● Supplied material:

BEGIN

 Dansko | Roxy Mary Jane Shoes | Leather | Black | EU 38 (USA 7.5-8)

END
BEGIN

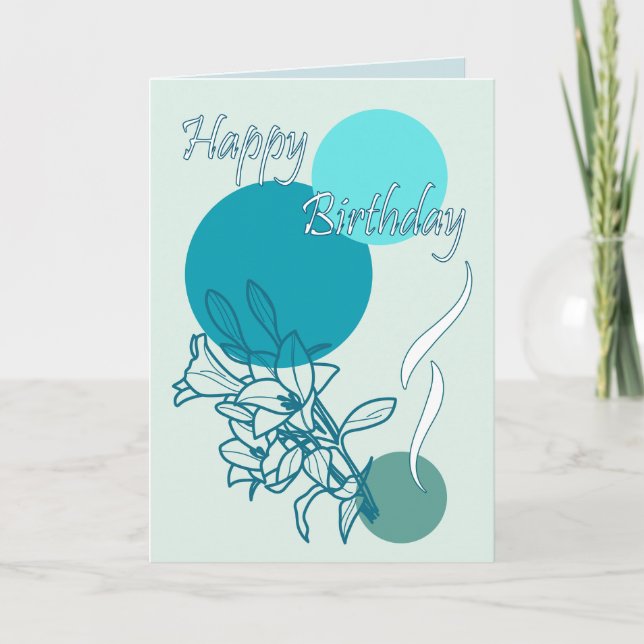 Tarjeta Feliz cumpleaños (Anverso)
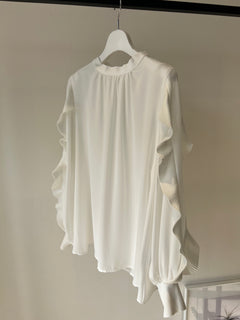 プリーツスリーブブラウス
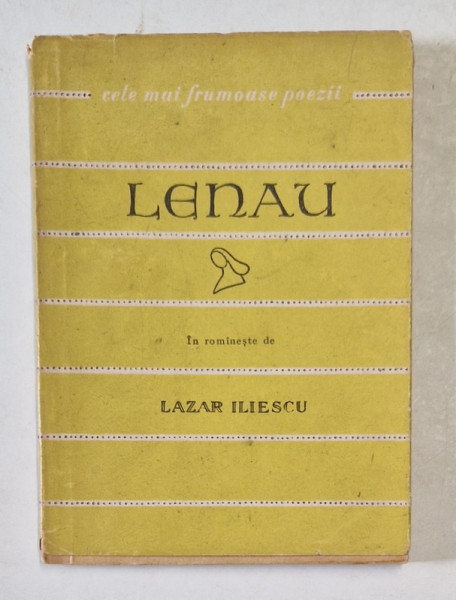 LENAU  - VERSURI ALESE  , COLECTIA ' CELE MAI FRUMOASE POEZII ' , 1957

END

Exact copy, pictures excluded: every line above from the one containing "プリーツスリーブブラウス" to the one containing "POEZII ' , 1957", inclusive, and nothing more.

 プリーツスリーブブラウス
 LENAU  - VERSURI ALESE  , COLECTIA ' CELE MAI FRUMOASE POEZII ' , 1957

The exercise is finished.